[Opening RECORDS SUPPLIED section]









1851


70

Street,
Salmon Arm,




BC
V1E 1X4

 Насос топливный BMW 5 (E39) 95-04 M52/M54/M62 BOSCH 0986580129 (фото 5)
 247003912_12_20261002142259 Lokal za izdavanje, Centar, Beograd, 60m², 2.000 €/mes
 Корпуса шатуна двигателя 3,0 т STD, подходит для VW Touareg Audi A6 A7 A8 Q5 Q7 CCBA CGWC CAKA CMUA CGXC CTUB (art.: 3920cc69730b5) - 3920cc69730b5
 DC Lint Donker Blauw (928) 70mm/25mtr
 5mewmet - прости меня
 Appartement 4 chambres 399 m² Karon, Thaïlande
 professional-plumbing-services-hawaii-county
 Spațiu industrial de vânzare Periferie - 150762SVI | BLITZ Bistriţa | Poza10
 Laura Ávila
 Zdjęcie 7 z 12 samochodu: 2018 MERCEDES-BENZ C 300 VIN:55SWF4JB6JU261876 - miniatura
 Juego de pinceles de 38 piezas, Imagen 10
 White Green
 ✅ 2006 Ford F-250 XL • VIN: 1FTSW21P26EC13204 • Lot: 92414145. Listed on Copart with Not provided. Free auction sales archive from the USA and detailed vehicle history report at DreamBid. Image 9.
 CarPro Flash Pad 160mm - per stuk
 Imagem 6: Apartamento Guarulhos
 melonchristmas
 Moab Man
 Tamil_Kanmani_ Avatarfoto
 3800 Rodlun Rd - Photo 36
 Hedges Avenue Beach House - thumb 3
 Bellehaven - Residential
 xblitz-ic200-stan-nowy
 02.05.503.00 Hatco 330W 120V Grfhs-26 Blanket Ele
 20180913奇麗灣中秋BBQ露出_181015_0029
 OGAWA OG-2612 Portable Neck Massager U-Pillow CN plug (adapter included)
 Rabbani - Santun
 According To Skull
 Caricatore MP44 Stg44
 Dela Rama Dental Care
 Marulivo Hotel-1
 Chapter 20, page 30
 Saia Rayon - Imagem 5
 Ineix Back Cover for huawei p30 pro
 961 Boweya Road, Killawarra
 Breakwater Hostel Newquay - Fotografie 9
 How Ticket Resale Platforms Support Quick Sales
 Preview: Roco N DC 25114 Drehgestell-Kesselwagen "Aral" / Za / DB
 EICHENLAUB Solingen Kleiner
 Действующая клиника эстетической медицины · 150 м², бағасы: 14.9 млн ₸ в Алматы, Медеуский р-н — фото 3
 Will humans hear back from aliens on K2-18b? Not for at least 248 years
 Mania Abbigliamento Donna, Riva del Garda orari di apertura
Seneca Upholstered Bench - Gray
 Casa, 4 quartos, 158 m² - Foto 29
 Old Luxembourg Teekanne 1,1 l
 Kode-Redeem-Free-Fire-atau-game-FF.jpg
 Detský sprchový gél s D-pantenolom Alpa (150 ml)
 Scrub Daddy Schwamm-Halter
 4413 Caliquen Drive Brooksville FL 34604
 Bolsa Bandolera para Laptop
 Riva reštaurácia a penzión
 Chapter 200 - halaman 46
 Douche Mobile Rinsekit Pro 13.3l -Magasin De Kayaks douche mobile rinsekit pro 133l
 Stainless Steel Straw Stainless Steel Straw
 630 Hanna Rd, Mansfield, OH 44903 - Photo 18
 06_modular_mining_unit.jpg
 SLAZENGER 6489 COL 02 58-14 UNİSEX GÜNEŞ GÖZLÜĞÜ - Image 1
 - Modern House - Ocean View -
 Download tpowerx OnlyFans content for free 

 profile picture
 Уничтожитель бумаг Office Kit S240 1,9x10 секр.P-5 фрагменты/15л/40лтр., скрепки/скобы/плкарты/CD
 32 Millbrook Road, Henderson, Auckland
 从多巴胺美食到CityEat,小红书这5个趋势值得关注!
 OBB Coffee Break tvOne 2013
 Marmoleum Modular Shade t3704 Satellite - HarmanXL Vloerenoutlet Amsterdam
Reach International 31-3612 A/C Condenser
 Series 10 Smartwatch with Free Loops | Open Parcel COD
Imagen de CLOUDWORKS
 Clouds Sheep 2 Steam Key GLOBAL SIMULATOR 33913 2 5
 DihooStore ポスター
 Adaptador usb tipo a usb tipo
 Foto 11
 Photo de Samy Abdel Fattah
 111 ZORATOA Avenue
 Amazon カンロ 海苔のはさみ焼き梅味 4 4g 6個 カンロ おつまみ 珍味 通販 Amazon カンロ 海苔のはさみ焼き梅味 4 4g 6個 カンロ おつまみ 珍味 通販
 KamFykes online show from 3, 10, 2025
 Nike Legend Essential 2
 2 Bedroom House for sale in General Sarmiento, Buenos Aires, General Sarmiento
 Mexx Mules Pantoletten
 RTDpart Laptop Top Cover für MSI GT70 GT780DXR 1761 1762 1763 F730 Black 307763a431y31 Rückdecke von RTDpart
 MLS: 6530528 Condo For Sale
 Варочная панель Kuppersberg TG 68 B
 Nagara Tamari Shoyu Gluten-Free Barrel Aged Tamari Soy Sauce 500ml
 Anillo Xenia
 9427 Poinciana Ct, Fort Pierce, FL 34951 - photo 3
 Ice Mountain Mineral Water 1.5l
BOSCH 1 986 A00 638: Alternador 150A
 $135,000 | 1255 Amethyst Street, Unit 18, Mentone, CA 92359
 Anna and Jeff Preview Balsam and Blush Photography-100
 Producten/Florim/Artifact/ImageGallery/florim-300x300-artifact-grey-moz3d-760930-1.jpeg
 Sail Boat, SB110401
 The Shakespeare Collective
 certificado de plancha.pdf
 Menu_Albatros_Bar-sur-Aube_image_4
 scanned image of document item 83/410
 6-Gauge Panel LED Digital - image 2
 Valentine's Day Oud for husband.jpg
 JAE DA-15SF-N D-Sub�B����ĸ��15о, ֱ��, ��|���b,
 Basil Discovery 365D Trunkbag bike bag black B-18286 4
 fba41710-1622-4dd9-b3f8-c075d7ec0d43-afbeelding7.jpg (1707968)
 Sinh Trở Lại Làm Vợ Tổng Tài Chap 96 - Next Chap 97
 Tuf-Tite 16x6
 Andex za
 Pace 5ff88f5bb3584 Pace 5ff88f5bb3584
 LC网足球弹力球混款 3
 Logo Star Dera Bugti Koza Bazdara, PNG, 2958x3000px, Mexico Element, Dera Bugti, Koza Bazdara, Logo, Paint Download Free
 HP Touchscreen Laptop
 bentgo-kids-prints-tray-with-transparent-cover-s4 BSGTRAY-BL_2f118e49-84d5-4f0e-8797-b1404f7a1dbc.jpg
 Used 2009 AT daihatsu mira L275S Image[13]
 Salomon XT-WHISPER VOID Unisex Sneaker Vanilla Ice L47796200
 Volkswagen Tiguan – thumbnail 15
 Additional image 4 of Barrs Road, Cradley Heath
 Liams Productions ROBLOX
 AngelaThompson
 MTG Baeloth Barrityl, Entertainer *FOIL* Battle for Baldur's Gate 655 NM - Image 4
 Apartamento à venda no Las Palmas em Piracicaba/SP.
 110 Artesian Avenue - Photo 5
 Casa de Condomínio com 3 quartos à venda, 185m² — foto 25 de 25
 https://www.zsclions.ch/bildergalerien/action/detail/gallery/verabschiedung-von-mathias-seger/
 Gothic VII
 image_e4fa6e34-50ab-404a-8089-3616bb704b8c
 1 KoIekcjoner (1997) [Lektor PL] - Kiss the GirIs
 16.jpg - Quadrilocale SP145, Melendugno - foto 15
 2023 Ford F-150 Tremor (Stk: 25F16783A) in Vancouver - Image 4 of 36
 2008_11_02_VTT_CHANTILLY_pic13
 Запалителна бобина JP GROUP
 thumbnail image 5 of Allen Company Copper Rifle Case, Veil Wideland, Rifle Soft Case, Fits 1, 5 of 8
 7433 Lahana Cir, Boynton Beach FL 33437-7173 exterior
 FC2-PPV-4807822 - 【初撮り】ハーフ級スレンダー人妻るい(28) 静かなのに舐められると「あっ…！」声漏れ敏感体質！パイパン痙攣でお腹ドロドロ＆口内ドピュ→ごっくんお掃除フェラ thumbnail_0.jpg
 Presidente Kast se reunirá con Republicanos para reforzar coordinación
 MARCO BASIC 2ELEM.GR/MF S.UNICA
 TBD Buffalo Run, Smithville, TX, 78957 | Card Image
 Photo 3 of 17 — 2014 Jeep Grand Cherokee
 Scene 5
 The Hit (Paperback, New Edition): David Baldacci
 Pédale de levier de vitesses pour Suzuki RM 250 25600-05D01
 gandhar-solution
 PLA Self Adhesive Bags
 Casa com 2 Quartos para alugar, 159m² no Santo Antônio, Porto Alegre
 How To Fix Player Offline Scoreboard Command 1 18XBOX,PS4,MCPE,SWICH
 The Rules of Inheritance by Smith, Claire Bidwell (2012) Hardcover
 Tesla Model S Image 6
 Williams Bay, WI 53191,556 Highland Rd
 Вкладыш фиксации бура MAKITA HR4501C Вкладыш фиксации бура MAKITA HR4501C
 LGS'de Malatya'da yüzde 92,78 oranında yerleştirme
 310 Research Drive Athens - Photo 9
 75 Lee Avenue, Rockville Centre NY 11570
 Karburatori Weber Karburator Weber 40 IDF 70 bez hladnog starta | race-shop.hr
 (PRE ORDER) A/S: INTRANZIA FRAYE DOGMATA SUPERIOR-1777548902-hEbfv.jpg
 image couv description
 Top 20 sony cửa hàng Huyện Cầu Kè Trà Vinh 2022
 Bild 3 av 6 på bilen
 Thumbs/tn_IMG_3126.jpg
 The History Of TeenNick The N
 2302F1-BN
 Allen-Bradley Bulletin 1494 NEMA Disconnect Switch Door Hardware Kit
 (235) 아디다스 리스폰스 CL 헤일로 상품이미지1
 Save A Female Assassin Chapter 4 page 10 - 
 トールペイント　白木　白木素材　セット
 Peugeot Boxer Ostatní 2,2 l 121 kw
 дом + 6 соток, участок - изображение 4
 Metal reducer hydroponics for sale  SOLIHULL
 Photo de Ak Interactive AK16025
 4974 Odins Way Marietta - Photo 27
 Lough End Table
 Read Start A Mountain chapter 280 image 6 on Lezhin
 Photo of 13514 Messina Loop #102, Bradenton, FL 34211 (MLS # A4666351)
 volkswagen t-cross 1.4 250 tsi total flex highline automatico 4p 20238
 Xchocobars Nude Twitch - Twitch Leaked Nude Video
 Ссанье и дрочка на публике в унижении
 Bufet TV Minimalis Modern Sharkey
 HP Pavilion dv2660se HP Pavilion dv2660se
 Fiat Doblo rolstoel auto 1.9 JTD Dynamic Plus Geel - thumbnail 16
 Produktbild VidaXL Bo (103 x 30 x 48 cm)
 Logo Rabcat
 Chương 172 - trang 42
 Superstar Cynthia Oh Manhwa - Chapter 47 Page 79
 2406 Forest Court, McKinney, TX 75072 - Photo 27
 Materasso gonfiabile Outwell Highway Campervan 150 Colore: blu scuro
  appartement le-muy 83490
[Closing RECORDS SUPPLIED section]
▶ PROBLEM STATEMENT: The range runs from the line above containing "Hedges Avenue Beach House - thumb 3" to the line containing "Chapter 20, page 30", inclusive. Restate those lines word for word and no others.

▶ OUTPUT BELOW:
 Hedges Avenue Beach House - thumb 3
 Bellehaven - Residential
 xblitz-ic200-stan-nowy
 02.05.503.00 Hatco 330W 120V Grfhs-26 Blanket Ele
 20180913奇麗灣中秋BBQ露出_181015_0029
 OGAWA OG-2612 Portable Neck Massager U-Pillow CN plug (adapter included)
 Rabbani - Santun
 According To Skull
 Caricatore MP44 Stg44
 Dela Rama Dental Care
 Marulivo Hotel-1
 Chapter 20, page 30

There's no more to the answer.